With his three-point effort in Boston on Tuesday night during their 4-3 win, Tyler Bozak has recorded a point in 12 of his last 13 games for the Toronto Maple Leafs and is at a near point-per-game pace for the 2013-14 season.
He seems to be at the center of everything positive that is happening for the team right now. For a player who has only once topped 40 points in a single season during his career, it is a bit of a surprise to see him as such a central figure in the offense.
So why is this happening? And how much of a role is he actually playing in it?
Hockey players have a consistent and direct impact on the number of shots their team takes and allows with them on the ice. This is a skill that is repeatable and is easily visible when looking at shot totals and possession metrics.
It is also a skill they probably don't get enough credit for and one that is too often overlooked.

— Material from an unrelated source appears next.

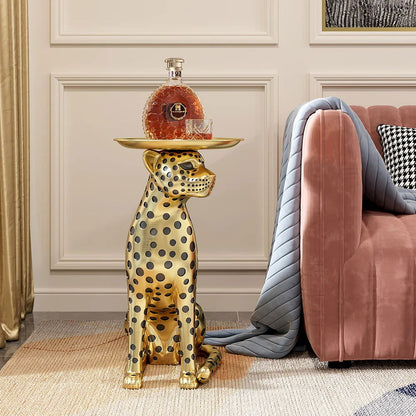 Luxury Gold Leopard Accent Side Table with Tray Top Resin Panther End Table Drink Table -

While a player can help control the number of shots his team takes, they don't always have much of an impact on how many of those shots -- or even which ones -- actually accomplish their main objective and go in the net (or stay out of the net, if you're looking at it from a defensive perspective). They often times get too much credit for their ability to impact which shots go in, which is why players with extremely high plus/minus totals can get showered with too much praise for their all-around game, while players at the other end of the spectrum are often too harshly criticized for perceived struggles in their own zone that may not really exist. It's also why guys with the highest shooting percentages sometimes get overvalued and overpaid in free agency.
Some players do have better shots than others in terms of both power and accuracy. Some players are better at finding the open areas in the offensive zone and putting themselves into a scoring position. A shot from Alex Ovechkin or Steven Stamkos surely strikes more fear into a goaltender than a shot from Daniel Winnik or Tyler Kennedy. That's part of the reason why they score more often.
But it's not the only reason. The fact those guys are able to put themselves into a position where they can take four or five shots per game is just as big of a factor in their goal-scoring totals. That's the skill. That's the biggest part of scoring a goal.
But not every shot from a player like Ovechkin or Stamkos is a legitimate scoring chance. Some of those shots have virtually no chance of going in (even though they sometimes still find a way). Not every scoring chance ends up in the back of the net. Sometimes bodies get in the way, sometimes pucks miss the net or hit the post, and sometimes NHL goalies do what NHL goalies are known to do and make ridiculous saves.
And conversely, sometimes those same goalies just completely whiff on the puck and turn a bad-angle, low-percentage shot into a goal.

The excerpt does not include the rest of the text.